From the beginning, the federal government has bungled attempts to stem
the pollution. In 1997, in a move hailed as a diplomatic triumph, the
U.S. opened a sewage treatment plant just across the border from
Tijuana in San Ysidro, Calif. Though the plant eliminated the steady
trickle of sewage, it couldn’t handle the massive pulses caused by
heavy rain. It also violated Clean Water Act standards because it
didn’t clean the waste sufficiently before pumping it offshore. Despite
a court order, the federal government failed to resolve the problem.
So, in 2000, Congress awarded a more than $500 million no-bid contract
to the Bajagua Project LLC to build another sewage plant, this time in
Mexico. The plant would have doubled Tijuana’s sewage capacity,
improved treatment levels to meet requirements and provided a source of
reclaimed water to boost the parched city’s supply. But despite those
benefits, Bajagua still wouldn’t have stopped the area’s months-long
winter beach closures because it ignored the thousands of Tijuana homes
that lack sewer connections.

The project divided San Diego’s environmental community. Opponents
fought it at every step, decrying the no-bid nature of the contract and
the company’s campaign donations to the politicians who became some of
the project’s loudest advocates. The project, not the pollution, became
the focus. Activists exhausted themselves attacking each other, instead
of working on steps forward. “It stopped being about public health,”
says Cory Briggs, a San Diego attorney who studied the issue for a
local foundation. “It just fell apart. We all look bad for it.”

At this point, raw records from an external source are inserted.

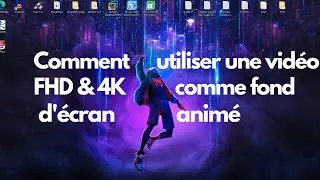 Comment utiliser une vidéo FHD & 4K comme fond d'écran animé gratuitement 2024.
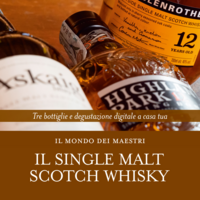 Il Mondo dei Maestri - Il Single Malt Scotch Whisky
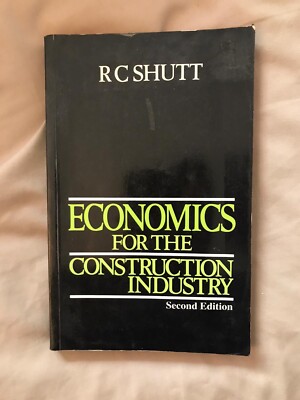 Economics For The Construction Industry By RC SCHUTT - Second Edition 1988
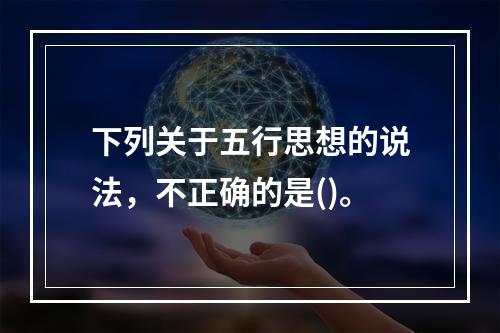 下列关于五行思想的说法，不正确的是()。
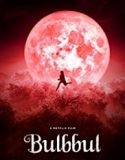 Streaming Film Bulbbul 2020 Subtitle Indonesia Poster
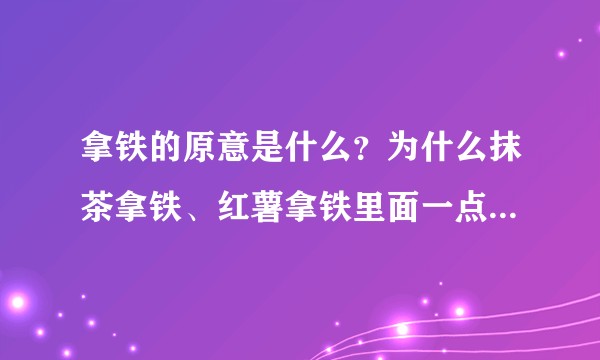 拿铁的原意是什么？为什么抹茶拿铁、红薯拿铁里面一点咖啡也不加？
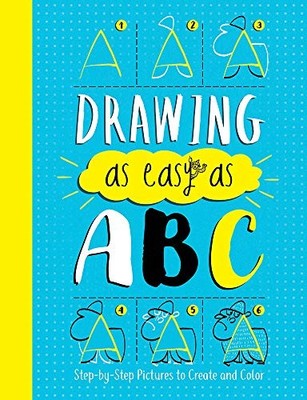 DRAWING AS EASY AS ABC: STEP-BY-STEP PICTURES TO CREATE By John Bigwood *VG+*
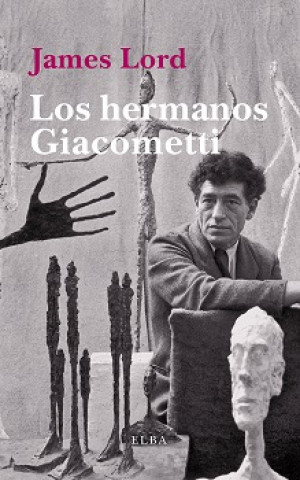 Książka Los hermanos Giacometti JAMES LORD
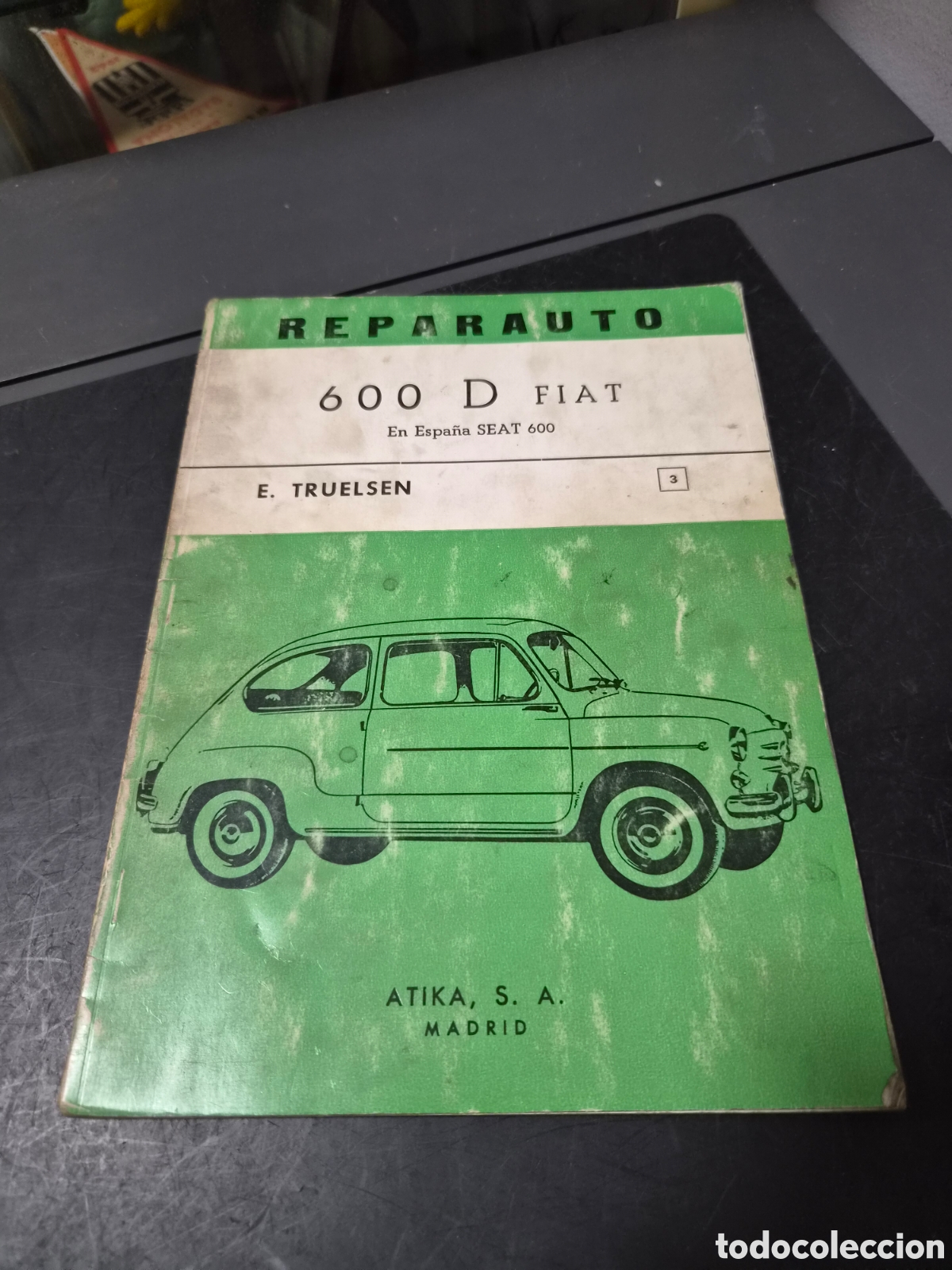 Coches y motocicletas: LIBRO MANUAL REPARAUTO SEAT 600 D FIAT ATIKA A&Ntilde;O 1967 ORIGINAL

It became clear that Bajagua would miss a September 2008 deadline to
start operating. The U.S. International Boundary and Water Commission,
a State Department agency, finally abandoned the project in May, citing
its cost as well as uncertainties over permits. The federal government
now plans to retrofit the existing plant. Meanwhile, continued
infighting, lack of money and bureaucratic hurdles have hampered San
Diego’s efforts to find a new solution to the winter pulses of
pollution.

Romo, for his part, has tackled the problem at its root, at least on a
small scale. In Los Laureles Canyon, one of Tijuana’s cross-border
conduits, he worked with residents to line the streets with permeable
pavers  — blocks of stone cut by local women, which, unlike asphalt,
allow rainwater to soak into the soil and help slow pollution runoff.

But even this small-scale effort has run into problems. A succession of
Tijuana mayors  — some supportive, some not  — hampered the project.
Romo had hoped to work around the city’s sluggish bureaucracy; now he
will have to work through it to obtain the permits he needs.

On a sunny Saturday in May, Romo drives to Border Field State Park,
where the rusty border fence juts out into the Pacific Ocean. His van
rolls through week-old puddles of sewage before Romo stops to talk to a
man and two women on the other side of the fence. They’re transplants
from Chiapas, the southernmost state in Mexico, who have come to
Tijuana, like thousands of others, in search of manufacturing jobs.

“We’re moving backwards,” Romo says. “The city is growing really,
really fast, and there’s a gap between what the city can do and the
amount of development. It’s scary.”

On the other side of the fence, the Chiapas natives and other Tijuana
residents enjoy their day at the beach. But in the U.S., only the
Border Patrol is out. The beaches, still posted with yellow signs
warning of the winter’s sewage contamination, are empty for miles.

Rob Davis lives in San Diego, California, where he covers environmental
issues for the nonprofit online daily voiceofsandiego.org.

This article appeared in the print edition of the magazine with the headline Leaky border.